Country Roads

I bet there is a sad story behind this

Yesterday I left Paintersville, heading east. That’s about as much as I had planned—a direction. I ended the day with more questions than answers about Appalachia.

I started the day with a fun interaction with Joe Allen Evans, owner of Pawn Stars of Inez. Joe and I met by accident, but it ended up being the best part of the day. I was heading out of Inez, a neighboring town to Paintersville, when I passed Pawn Stars of Inez, which had about a hundred assorted yard care implements in front, three barking dogs, and a heavily muscled guy sitting on a walker. I was supposed to make a left in front of the store, but Joe’s small dogs started chasing me down the street.

I’ve been chased by a lot of dogs on this trip, but Appalachia is where chasing old men on unicycles is taken to a new level. Joe used alliteration in naming them, so all I heard was “Peaches, Petunia, Patty- all you all come back here.” I thought Y’all was plural, but I guess you throw in the extra all for emphasis. I’ve heard my Texas raised wife do that when yelling at kids. Together they probably weighed 20 pounds, but they had Appalachian spirit, and I respect that.
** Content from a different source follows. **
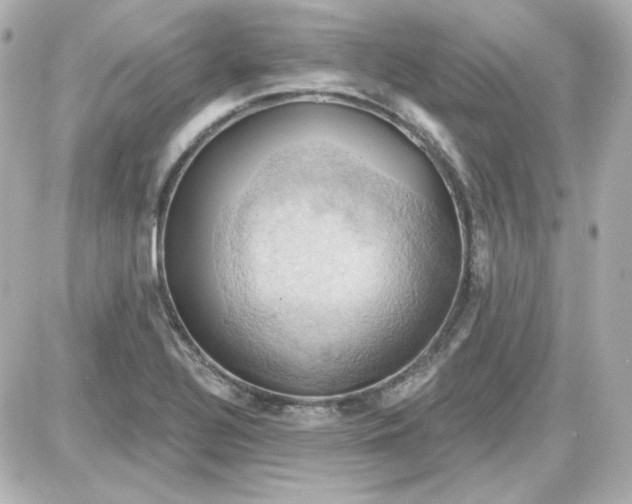 X0000087531320200705112021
I wheeled back after they were corralled, and Joe yelled, “Hey, I’ve got some questions for you!” Being a man with a lot of answers—some even true—I rode up, dismounted, and left my helmet on. (Remember, I only take my helmet off for weddings, funerals, and the launching of tall ships.)

He said, “What is that thing? Come on in. I need you to show that to my dad!”

I’d never been in a pawn shop, so I figured—what better way to spend my time?

I walked through a corridor of weed whackers and rototillers into a smorgasbord of stuff. Joe’s dad, quite infirm, was sitting behind the counter on oxygen, watching a black-and-white movie on TV. Joe said, “Hey, bring that thing in and show my dad what you’ve got there.” It was a tight squeeze, but I got it behind the counter where dad was sitting. Dad asked how fast it went and how far on a charge. Then we started talking about the business.

I told them about my blog and asked if I could film. Joe was all in. Dad didn’t seem to mind. I’ve never done a pawn store interview—clearly a lapse in imagination on my part—but I had no idea how much depth you could plumb in such an establishment.

First, Joe showed me their tagline on a big piece of wood. Something like, “If you don’t get top dollar, you can holler.” (That’s not it exactly, but I’m typing this in a Hardee’s and there’s a guy behind me on the phone negotiating for a used mower. He sounds like he’s getting a good deal and doesn’t want to cheat the seller. In my opinion, when buying a used mower, you’re buying a cat in a sack, so negotiate heavily. I think playing this video out loud would be distracting and could throw off his train of thought. )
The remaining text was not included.